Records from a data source
━━━━━━━━━━━━━━━━━━━━

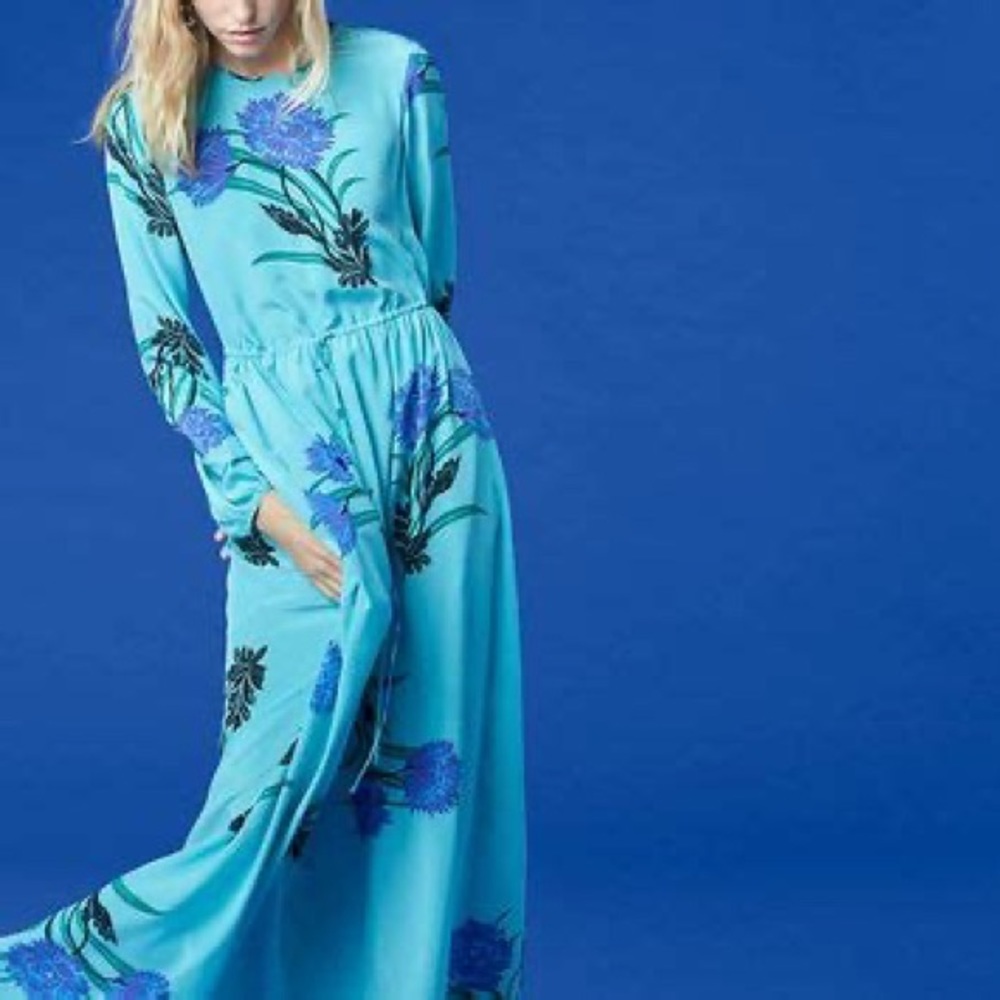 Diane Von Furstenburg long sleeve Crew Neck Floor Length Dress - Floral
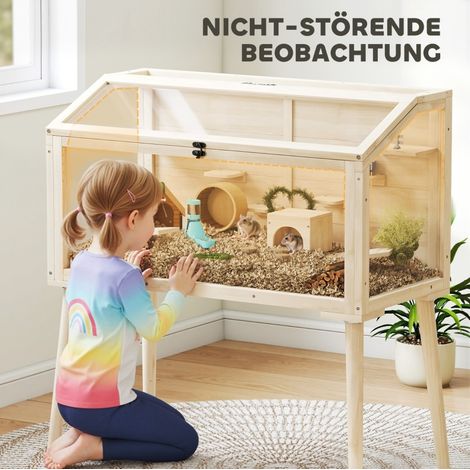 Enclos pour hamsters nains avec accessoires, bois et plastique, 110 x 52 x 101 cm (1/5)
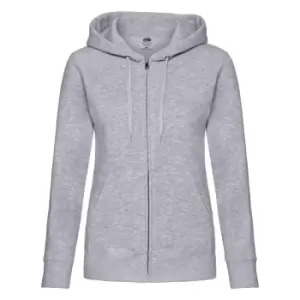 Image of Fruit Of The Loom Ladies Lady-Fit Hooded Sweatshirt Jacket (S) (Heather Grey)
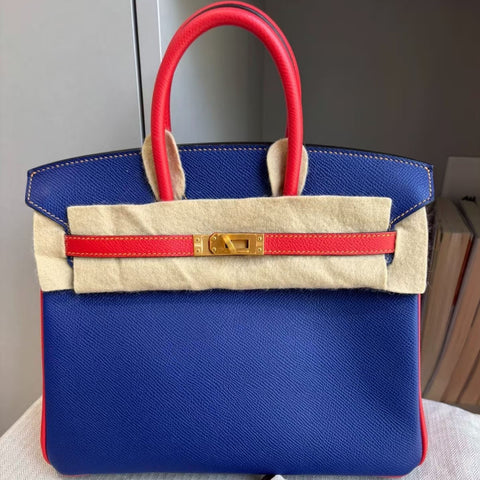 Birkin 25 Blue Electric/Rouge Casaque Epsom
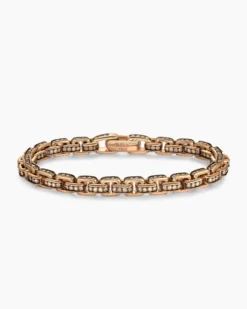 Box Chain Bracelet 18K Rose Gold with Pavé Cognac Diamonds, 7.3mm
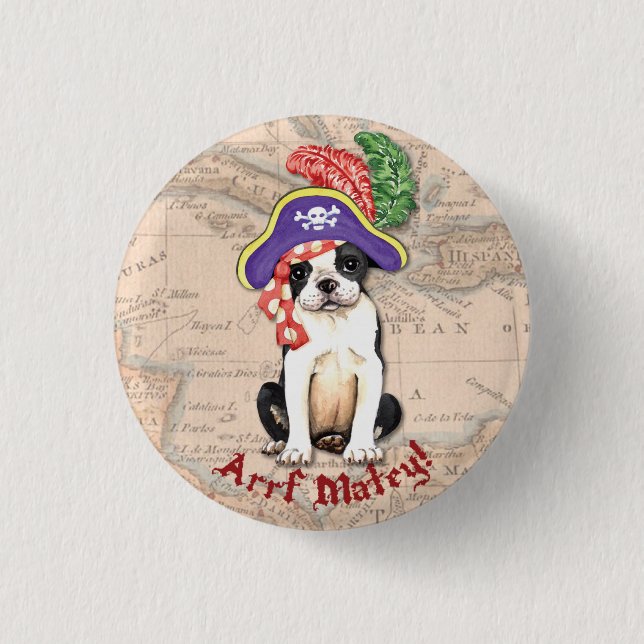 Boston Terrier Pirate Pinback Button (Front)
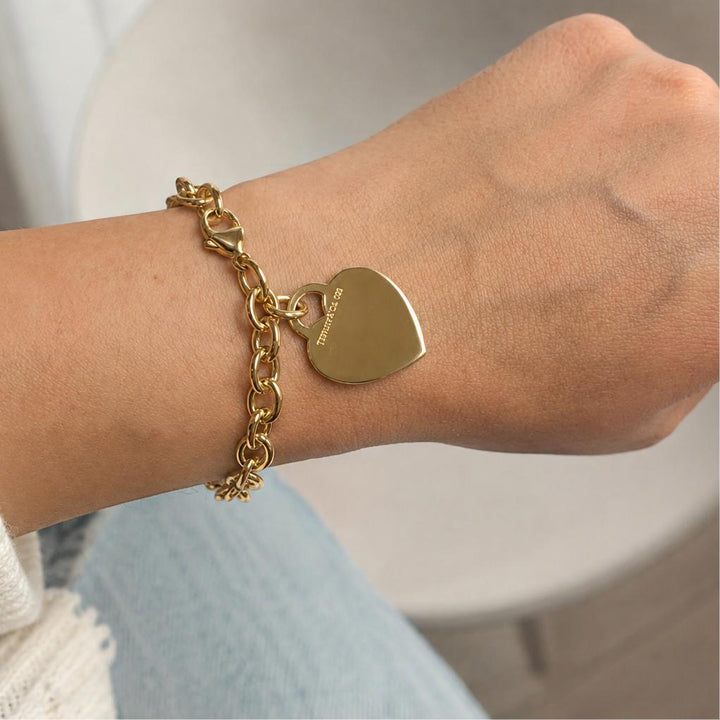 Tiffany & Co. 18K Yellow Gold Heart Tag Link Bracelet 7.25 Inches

━━━━━━━━━━━━━━━━━━━━

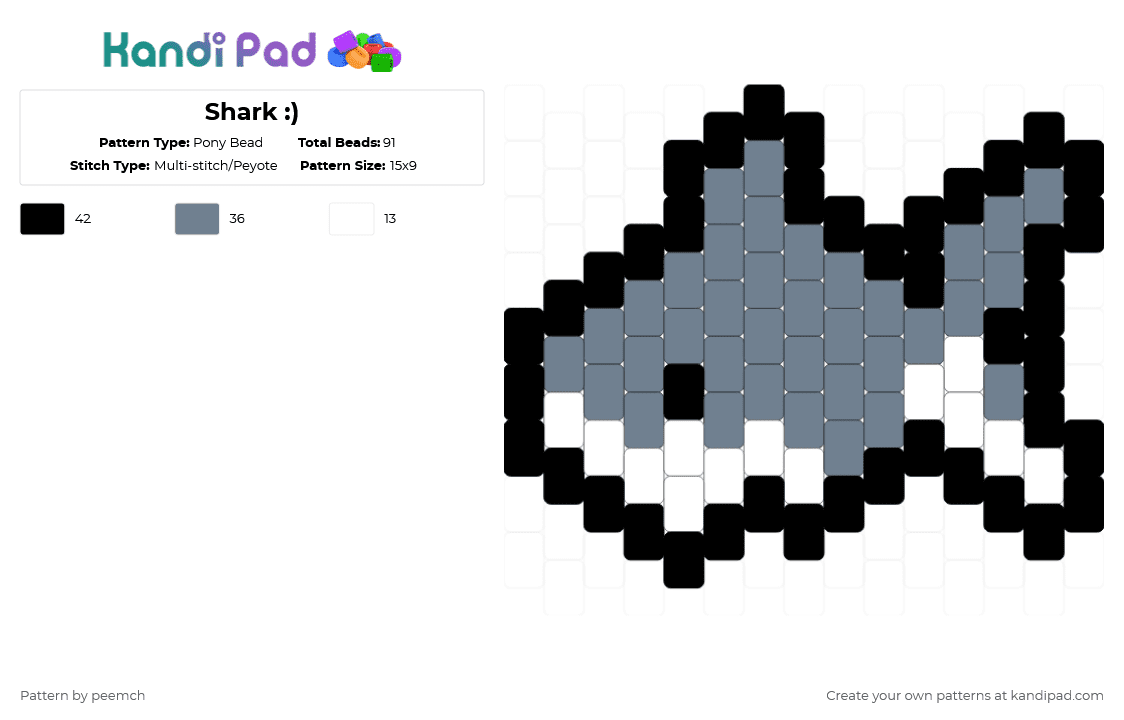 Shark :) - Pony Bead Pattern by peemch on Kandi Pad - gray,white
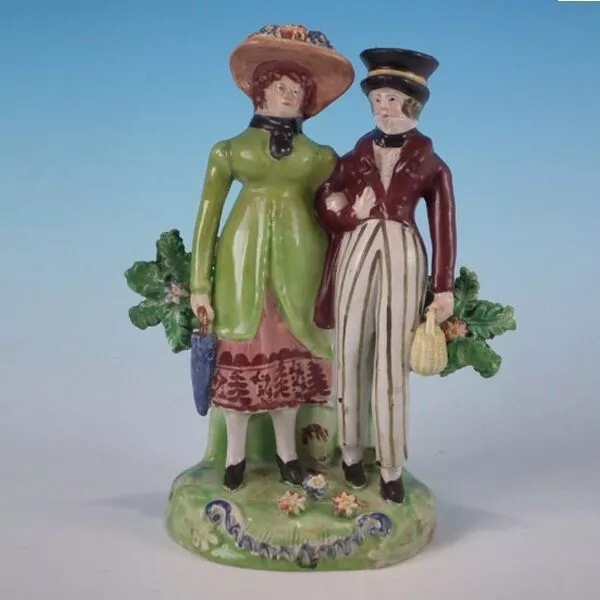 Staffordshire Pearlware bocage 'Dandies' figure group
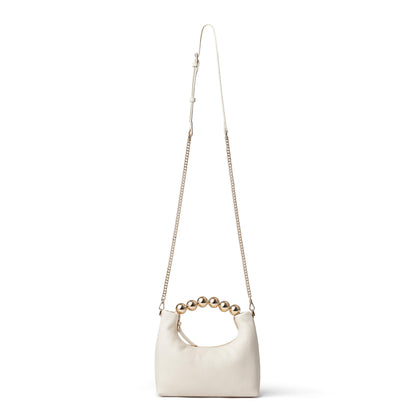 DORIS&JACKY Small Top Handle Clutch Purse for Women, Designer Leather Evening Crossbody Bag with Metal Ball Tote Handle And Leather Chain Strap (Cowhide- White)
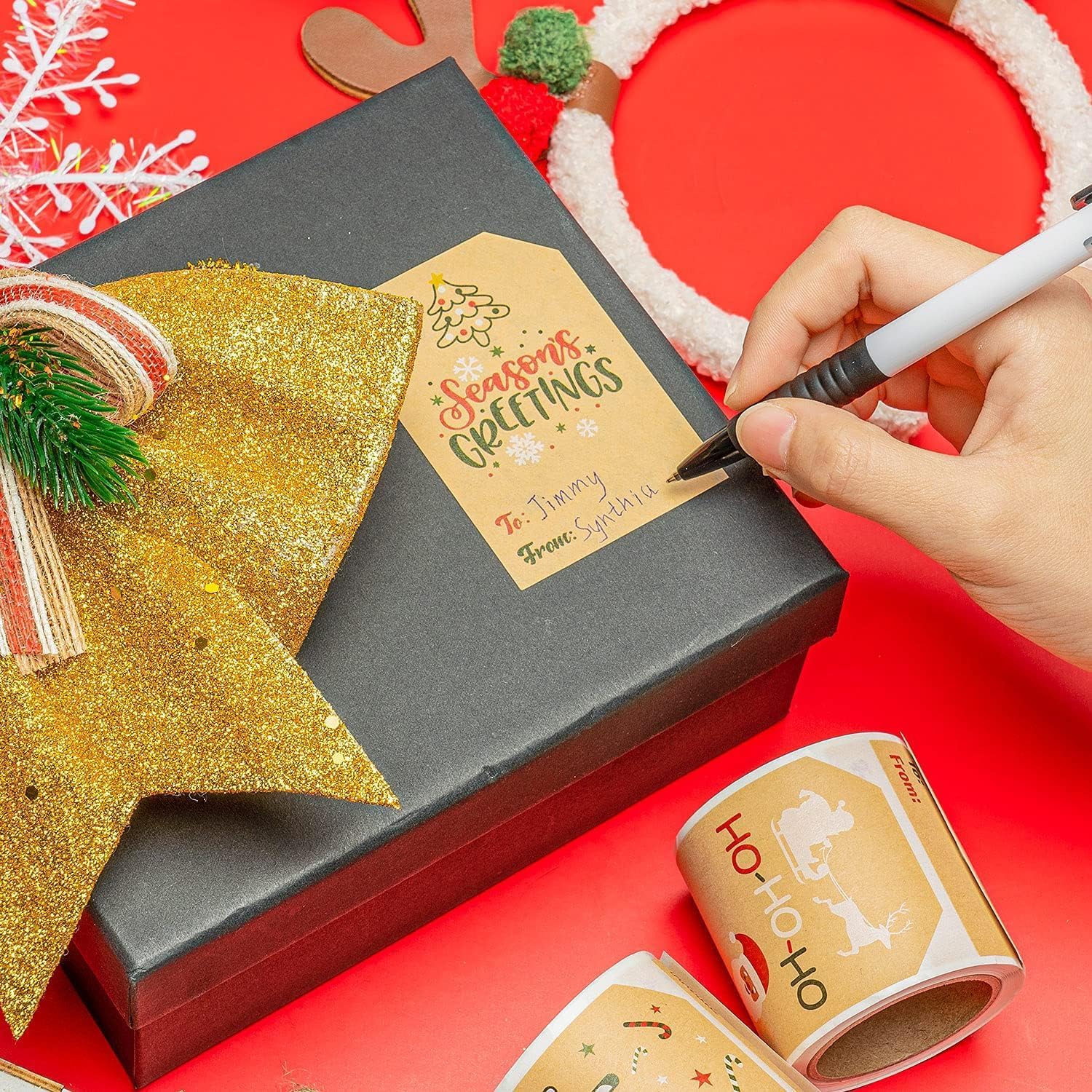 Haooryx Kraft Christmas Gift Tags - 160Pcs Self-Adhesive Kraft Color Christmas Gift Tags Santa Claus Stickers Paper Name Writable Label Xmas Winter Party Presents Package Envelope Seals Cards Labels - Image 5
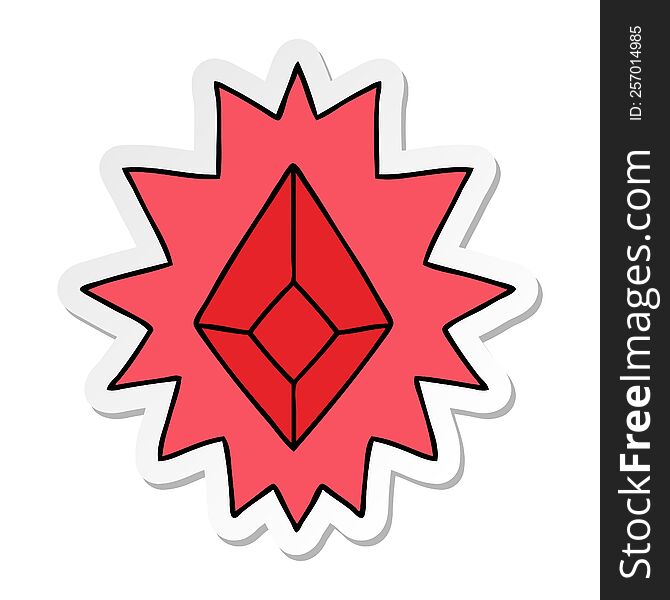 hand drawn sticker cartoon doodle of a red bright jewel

━━━━━━━━━━━━━━━━━━━━

§ **TASK REQUIREMENTS**:
The response must repeat exactly the lines above from the one with "Diane Von Furstenburg" through the one with "Tiffany & Co.", including both, and must contain no pictures and no other text.

§ **SOLUTION TO THIS EXERCISE**:
 Diane Von Furstenburg long sleeve Crew Neck Floor Length Dress - Floral
 Enclos pour hamsters nains avec accessoires, bois et plastique, 110 x 52 x 101 cm (1/5)
 Image of Fruit Of The Loom Ladies Lady-Fit Hooded Sweatshirt Jacket (S) (Heather Grey)
 Birkin 25 Blue Electric/Rouge Casaque Epsom
 Box Chain Bracelet 18K Rose Gold with Pavé Cognac Diamonds, 7.3mm
 Boston Terrier Pirate Pinback Button (Front)
 Tiffany & Co. 18K Yellow Gold Heart Tag Link Bracelet 7.25 Inches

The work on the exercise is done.